Any picture in the data below gets skipped; print all the rest exactly.

Information shown
== Segment start ==

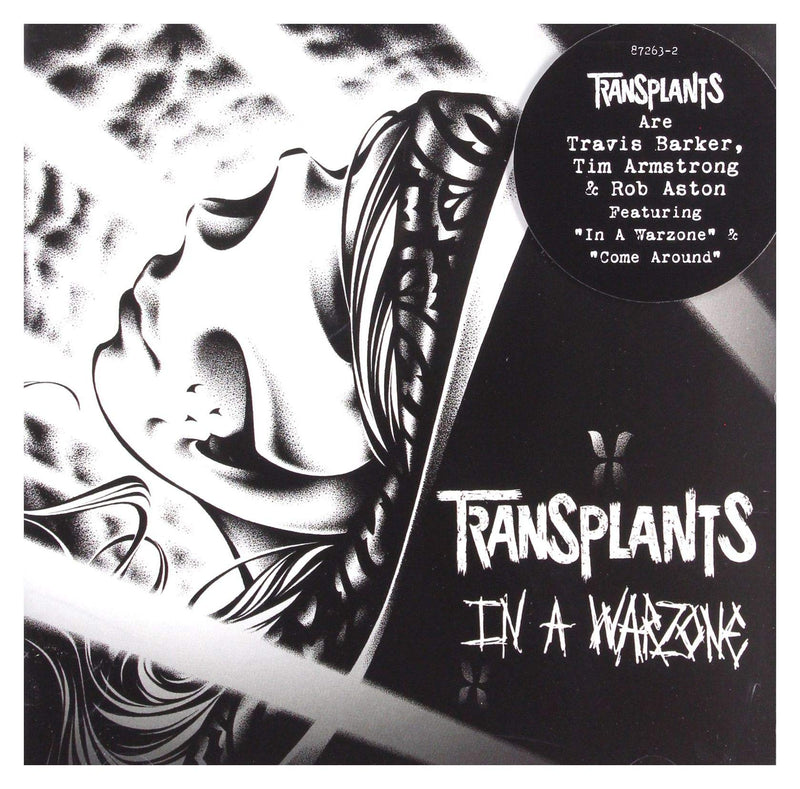 Transplants / In A Warzone - CD (Used)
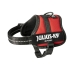 Imbracatura per Cani Julius K9 Power Rosso 2 Baby 2 (XS/S)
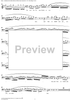 "Gleichwie die wilden Meeres-Wellen", Aria, No. 3 from Cantata No. 178: "Wo Gott der Herr nicht bei uns hält" - Bass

== Segment end ==

Answer area
 Transplants / In A Warzone - CD (Used)
 Imbracatura per Cani Julius K9 Power Rosso 2 Baby 2 (XS/S)
 "Gleichwie die wilden Meeres-Wellen", Aria, No. 3 from Cantata No. 178: "Wo Gott der Herr nicht bei uns hält" - Bass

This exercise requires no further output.